**Listed entries:**
◆ ◆ ◆ ◆ ◆ ◆ ◆
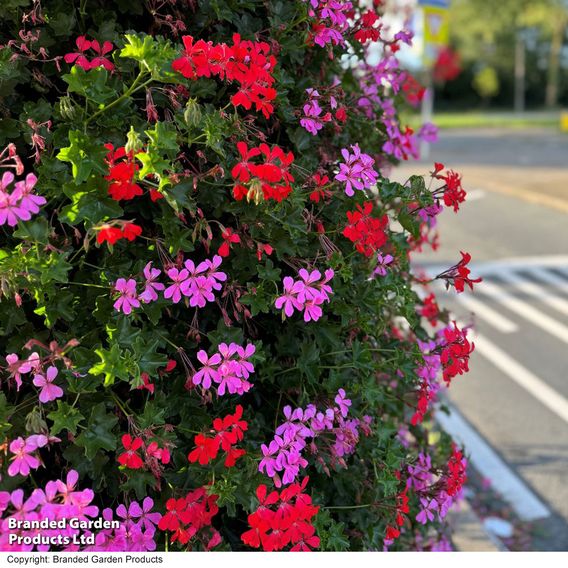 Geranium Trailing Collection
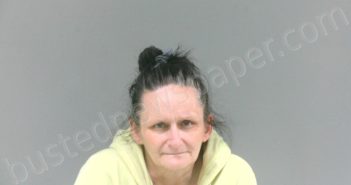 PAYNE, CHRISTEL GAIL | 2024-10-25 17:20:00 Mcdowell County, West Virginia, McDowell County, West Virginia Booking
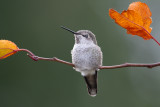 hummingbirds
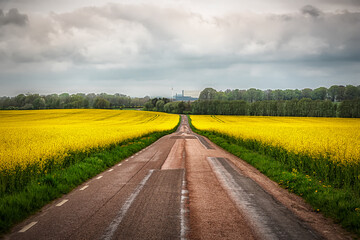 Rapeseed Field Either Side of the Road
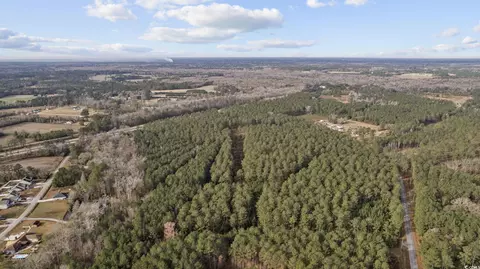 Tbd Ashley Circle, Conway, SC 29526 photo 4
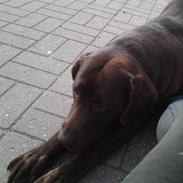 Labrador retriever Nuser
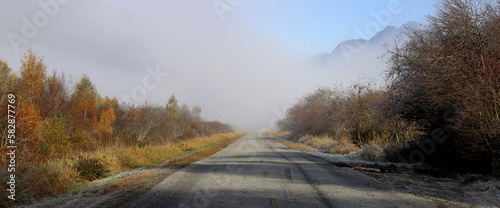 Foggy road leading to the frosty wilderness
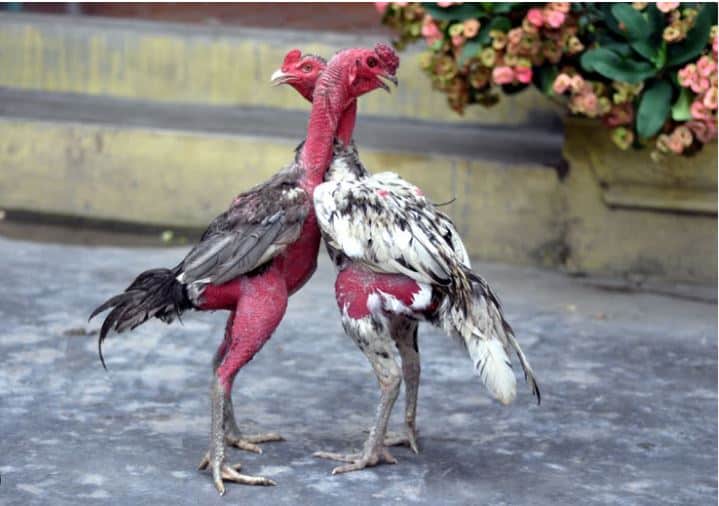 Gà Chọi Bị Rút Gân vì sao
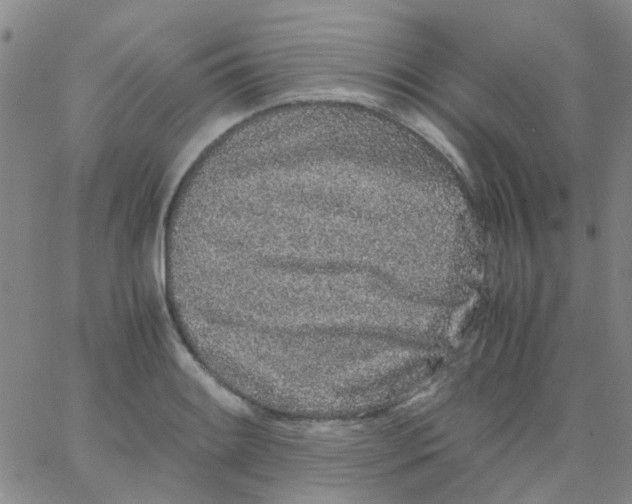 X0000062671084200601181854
◆ ◆ ◆ ◆ ◆ ◆ ◆
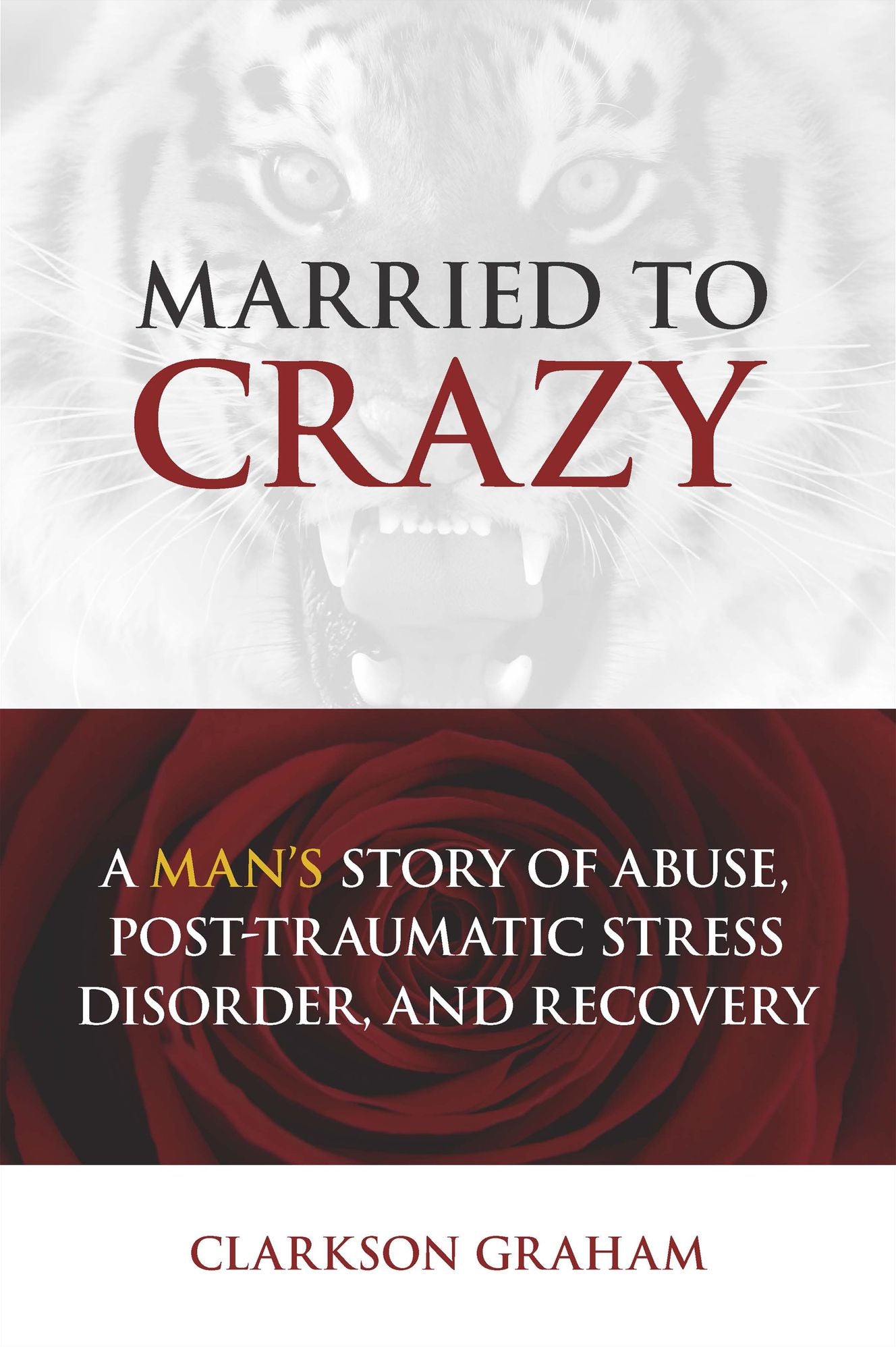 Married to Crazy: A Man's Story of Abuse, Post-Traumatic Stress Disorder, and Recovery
◆ ◆ ◆ ◆ ◆ ◆ ◆
**Requirement:** With the pictures omitted, restate word for word the lines above from the line that has "Geranium Trailing Collection" up to and including the line that has "Gà Chọi Bị Rút Gân vì sao", and no other lines.

**Result of this exercise:**
 Geranium Trailing Collection
 PAYNE, CHRISTEL GAIL | 2024-10-25 17:20:00 Mcdowell County, West Virginia, McDowell County, West Virginia Booking
 hummingbirds
 Rapeseed Field Either Side of the Road
 Tbd Ashley Circle, Conway, SC 29526 photo 4
 Labrador retriever Nuser
 Foggy road leading to the frosty wilderness
 Gà Chọi Bị Rút Gân vì sao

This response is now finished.